How to improve your ‘LIFT DINKS’ in pickleball
Lift dinks are the building blocks of dinking. Becoming confident in lift dinks is a vital starting point. It involves tracking the ball, connecting well (on the sweet spot or center of the paddle) and being able to place the ball to a specific location in the kitchen.
Learning and becoming strong in this technique is vital before moving onto or adding spin, slice and more advanced dinking.
When you’re hitting a lift dink, visualize how you would throw a ball to land into the NVZ, or kitchen area.
If I wanted to throw a ball, or a bean bag, at a certain height over the net and into a specific location in the kitchen, the movement would be slow & controlled with a gentle release.

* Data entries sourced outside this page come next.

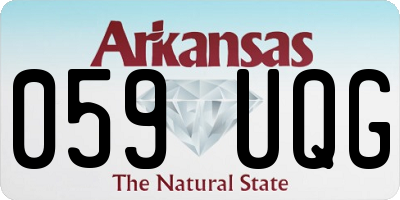 AR license plate 059UQG
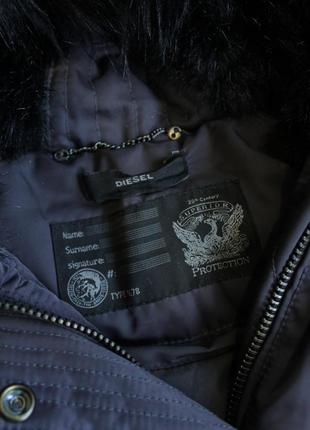 Diesel y2k куртка женская бомбер с искусственным мехом на капюшоне abercrombia fitch g star raw vintage дизель avant garde faux fur m8 фото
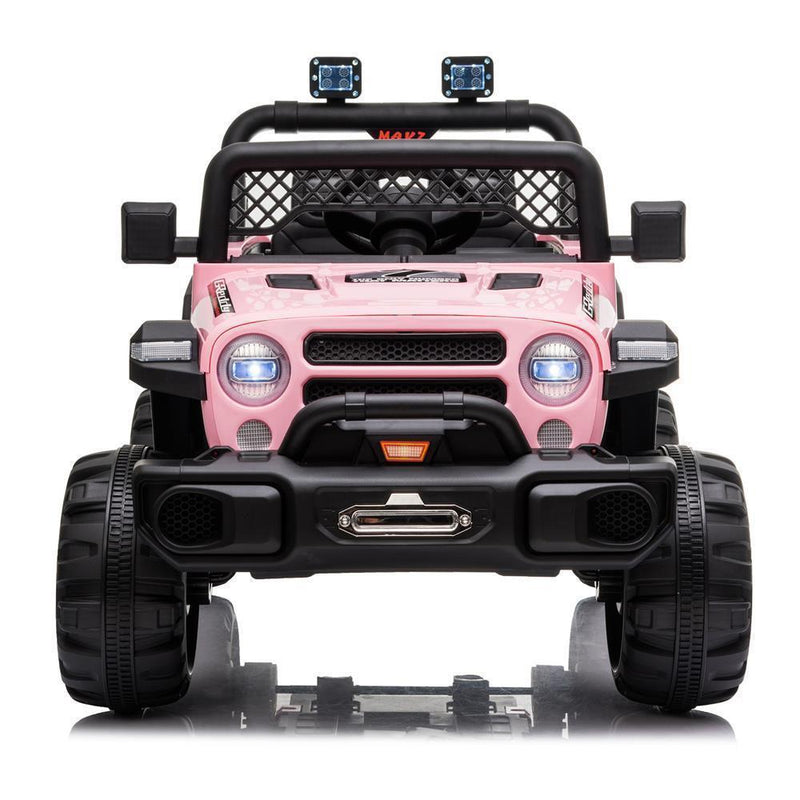 12V Battery Powered Ride On Truck with 2 Front LED Lights - Perfect Gift for Kids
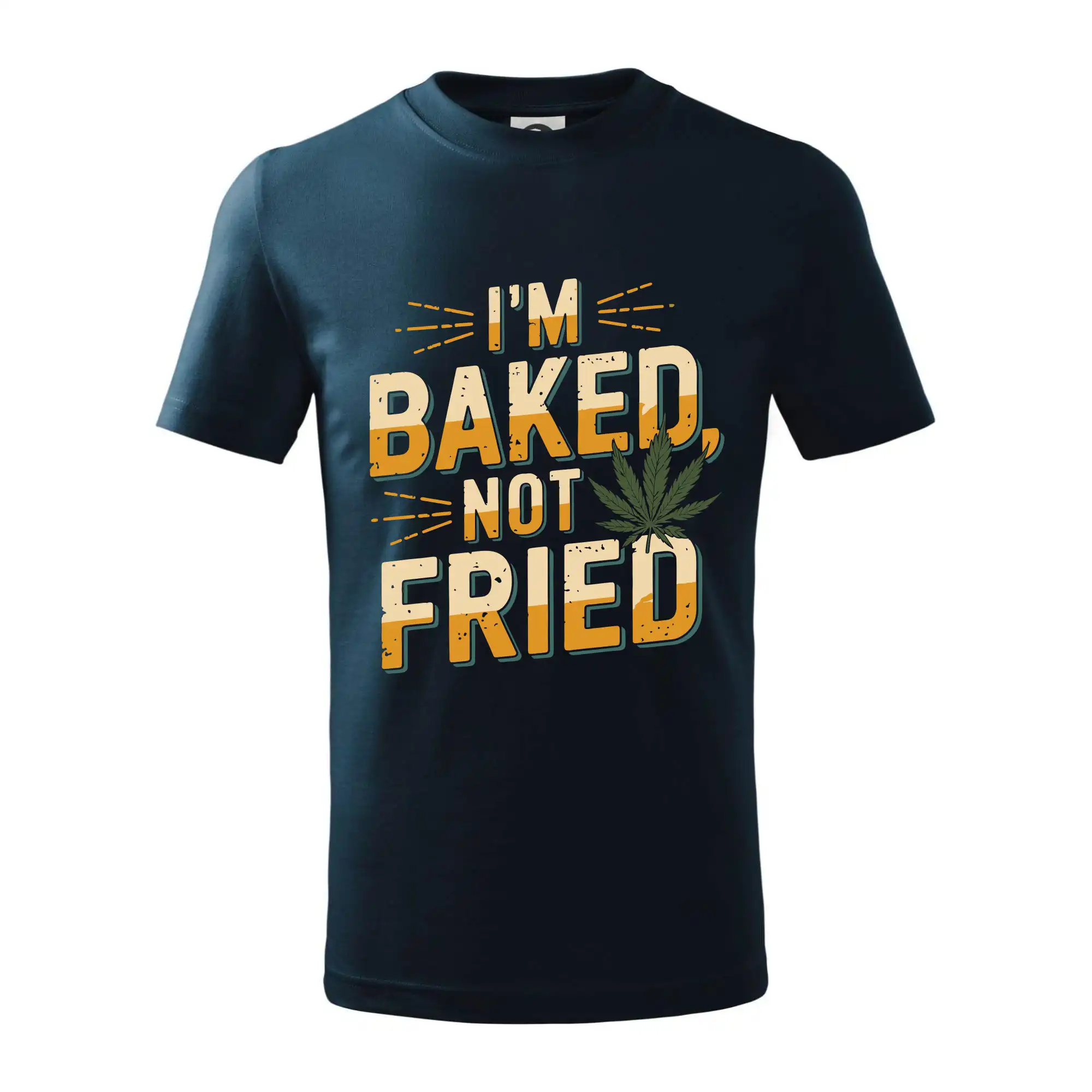 Tričká pre pohodový ľudí - Marihuana - Iam baked not fried - Tričko detské bavlnené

You wouldn’t flick your wrist at the end of a throw, so don’t do this at the end of a lift dink!
Lift dinks are the same motion as an underarm throw, our paddle face is stable, the swing speed needs to be slow and controlled, hinging from the shoulder, elbow slightly bent with no flicking of the wrist. We need to aim to get the ball around 6” over the net so that we have margin and don’t catch the tape or hit the net.
When you next practice your dinking on court, try placing three cones or targets and work on hitting into the target areas.
Simply getting the ball over the net is not enough, we need to dink with purpose, placement and try to make our opponent uncomfortable. We are looking to cause an error, to move our opponent on the court giving us space to then attack or to create a pop up!